BaziQA-Benchmark: Evaluating Symbolic and Temporally Compositional Reasoning in Large Language Models
This work provides a new benchmark for evaluating reasoning in LLMs, addressing a gap in objective assessment for symbolic and temporal tasks, though it is incremental as it builds on existing evaluation frameworks.
The authors introduced BaziQA-Benchmark, a standardized benchmark derived from 200 multiple-choice problems to evaluate symbolic and temporally compositional reasoning in large language models, finding that models consistently outperform chance but remain far from saturation with systematic failures on tasks like precise temporal localization.

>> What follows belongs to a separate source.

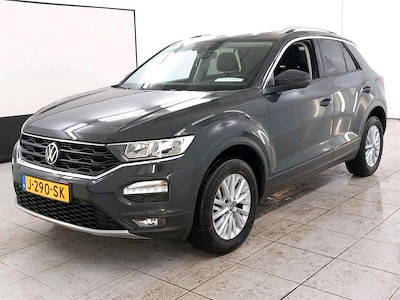 Volkswagen T-Roc 1.0 TSI 85kW Style Business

We present BaziQA-Benchmark, a standardized benchmark for evaluating symbolic and temporally compositional reasoning in large language models. The benchmark is derived from 200 professionally curated, multiple-choice problems from the Global Fortune-teller Competition (2021--2025), where each instance requires structured inference over a fixed symbolic chart and interacting temporal conditions. Unlike anecdotal or prompt-driven evaluations, BaziQA-Benchmark enables objective scoring and controlled comparison across years, domains, and model families. We evaluate contemporary language models under a multi-turn setting and analyze performance variation across temporal difficulty, reasoning domains, and inference protocols.To further probe reasoning behavior, we introduce a lightweight Structured Reasoning Protocol that constrains inference order without adding domain knowledge. Results show that models consistently outperform chance but remain far from saturation, exhibiting pronounced sensitivity to temporal composition and reasoning order, as well as systematic failures on precise temporal localization and multi-condition symbolic judgments.